Stored items:
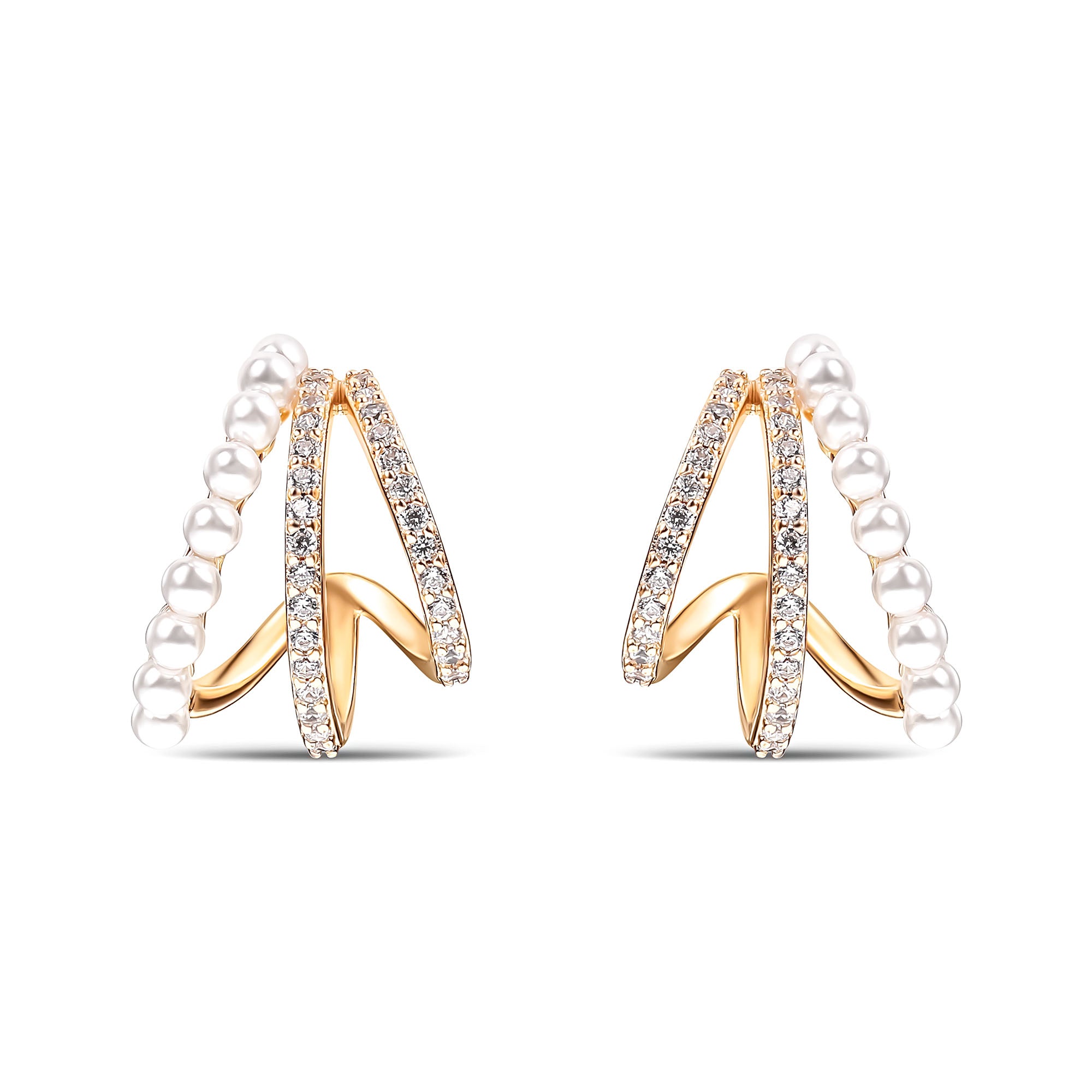 Smalki auskari ar pērles akcentu un siltu zelta pārklājumu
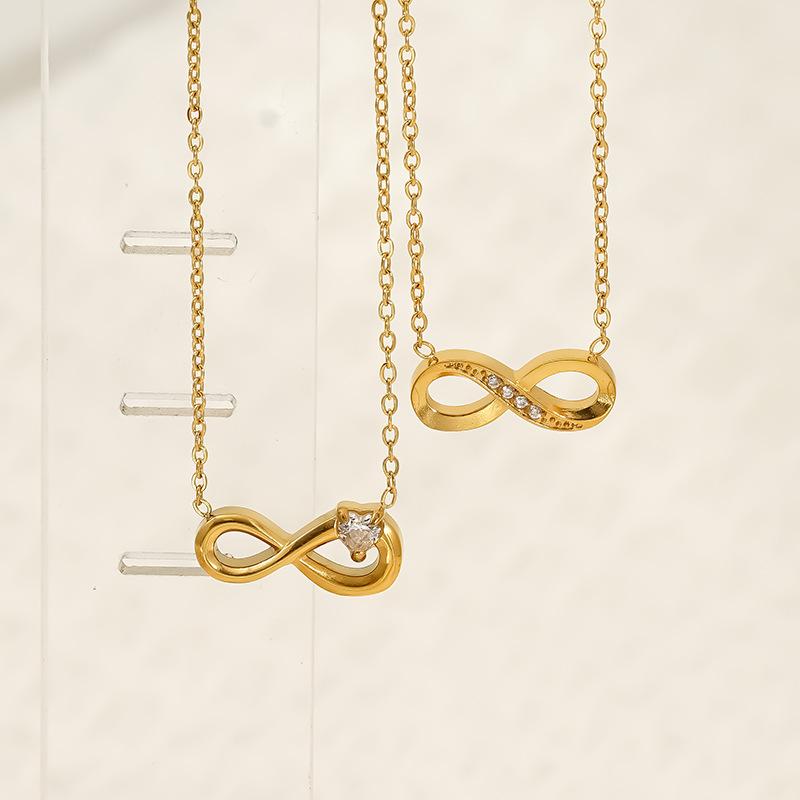 Elegant And Sweet Literary Diamond-Encrusted Digital Titanium Steel Clavicle Chain Personalized Stainless Steel Necklace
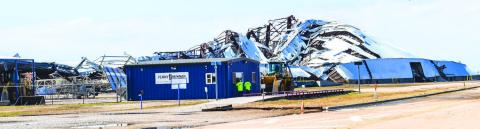 DEVASTATING STORM – The Levelland community is recovering after going through a severe thunderstorm early Wednesday morning. Large hail, heavy rain and winds projected between 100-120 miles per hour wreaked havoc for Levelland residents and businesses. Emergency relief efforts have been ongoing since Wednesday. Pictured is Penny Newman’s facility that collapsed due to the storm. (Staff photo by Emily Campos)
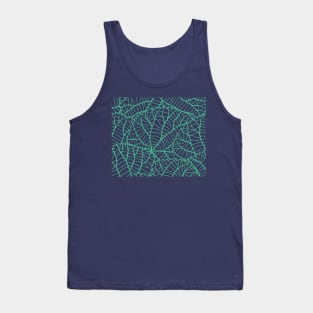 Green Lines Mesh Pattern Seamless With Dark Purple Background Tank Top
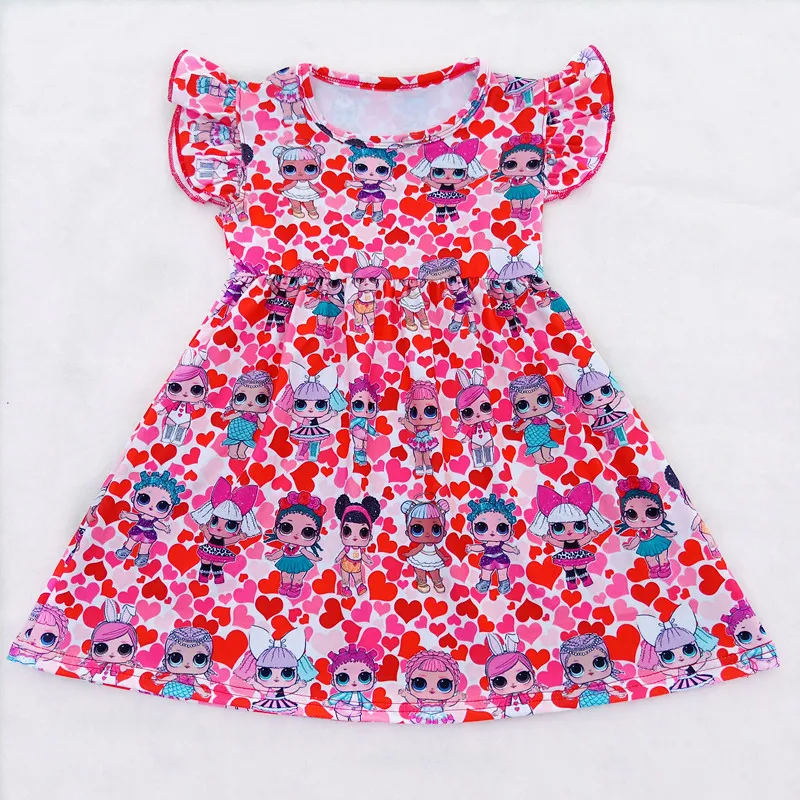Flutter Sleeve Baby Girls Dress Children Summer Cartoon Soft Milk Silk Clothing for Party | Детская одежда и обувь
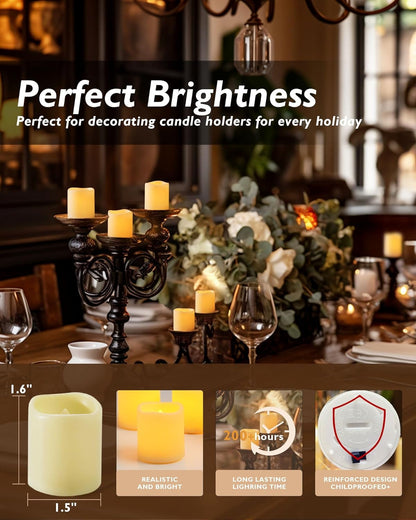 Homemory 24Pack Flickering Flameless Votive Candles for Wedding Decoration, 200+Hour Warm White Battery Operated LED Tealight, Electric Fake Candles for Party, Receptions, Halloween, Christmas
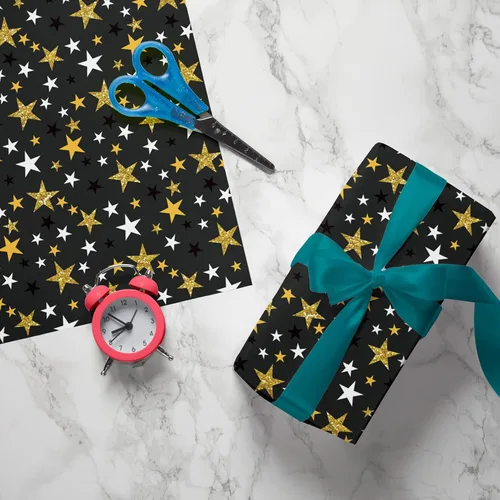 Vista 8 de WAPLIGHAL Papel de regalo de graduación para clase de 2026 – Gorras de graduación, diplomas, estrellas y lo hiciste en negro, color dorado, papel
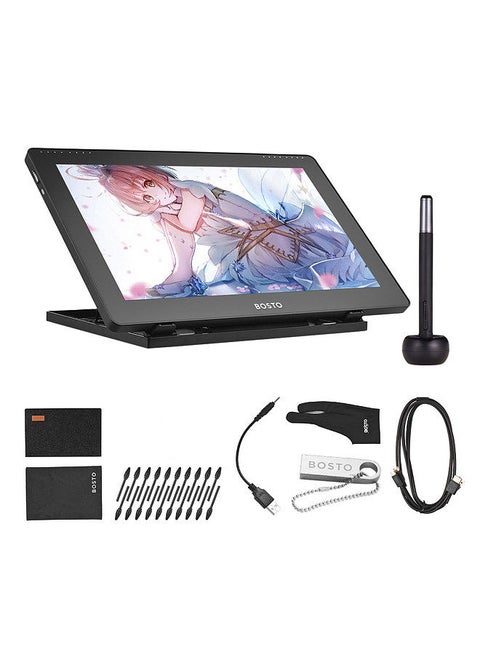 16HDK Portable 15.6 Inch H-IPS LCD Graphics Drawing Tablet Display 8192 Pressure Level Active Technology USB-Powered Low Consumption Drawing Tablet with Interactive Stylus Pen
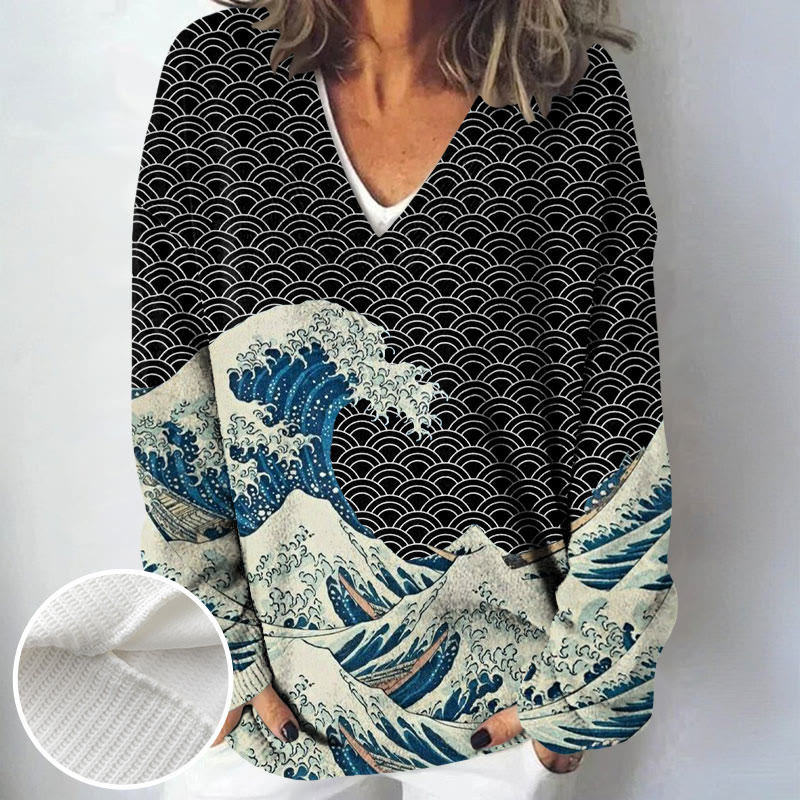 Women's The Great Wave Off Kanagawa Inspired Japanese Art Print Causal V-neck Pullover Sweater - Black - 4XL - image 2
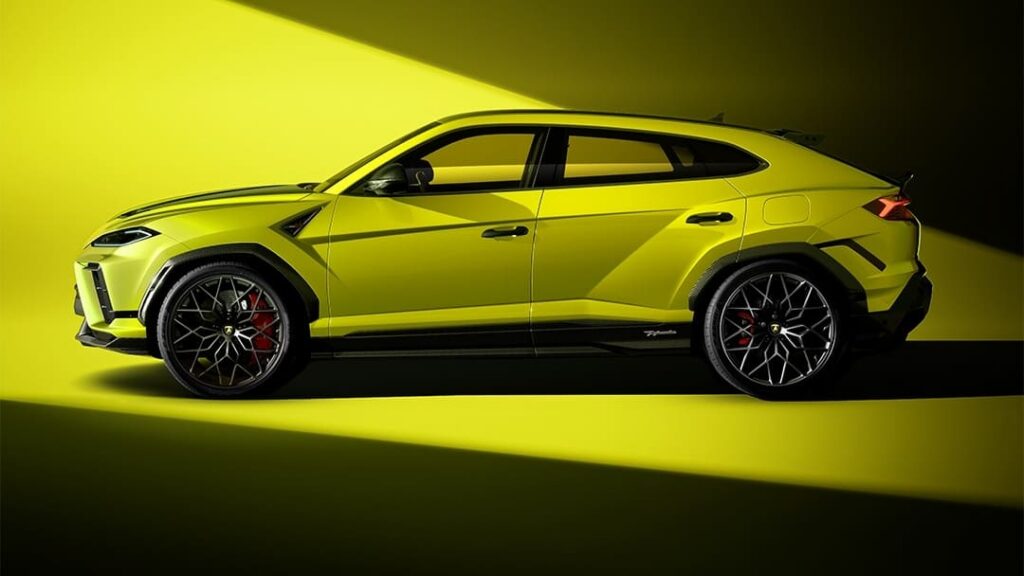 Lamborghini Urus SE Performante luxury hybrid SUV in an urban setting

Assignment — Render the records above word for word and leave the pictures out.

Response to the exercise —
 Smalki auskari ar pērles akcentu un siltu zelta pārklājumu
 Elegant And Sweet Literary Diamond-Encrusted Digital Titanium Steel Clavicle Chain Personalized Stainless Steel Necklace
 DEVASTATING STORM – The Levelland community is recovering after going through a severe thunderstorm early Wednesday morning. Large hail, heavy rain and winds projected between 100-120 miles per hour wreaked havoc for Levelland residents and businesses. Emergency relief efforts have been ongoing since Wednesday. Pictured is Penny Newman’s facility that collapsed due to the storm. (Staff photo by Emily Campos)
 Green Lines Mesh Pattern Seamless With Dark Purple Background Tank Top
Flutter Sleeve Baby Girls Dress Children Summer Cartoon Soft Milk Silk Clothing for Party | Детская одежда и обувь
 Homemory 24Pack Flickering Flameless Votive Candles for Wedding Decoration, 200+Hour Warm White Battery Operated LED Tealight, Electric Fake Candles for Party, Receptions, Halloween, Christmas
 Vista 8 de WAPLIGHAL Papel de regalo de graduación para clase de 2026 – Gorras de graduación, diplomas, estrellas y lo hiciste en negro, color dorado, papel
 16HDK Portable 15.6 Inch H-IPS LCD Graphics Drawing Tablet Display 8192 Pressure Level Active Technology USB-Powered Low Consumption Drawing Tablet with Interactive Stylus Pen
 Women's The Great Wave Off Kanagawa Inspired Japanese Art Print Causal V-neck Pullover Sweater - Black - 4XL - image 2
 Lamborghini Urus SE Performante luxury hybrid SUV in an urban setting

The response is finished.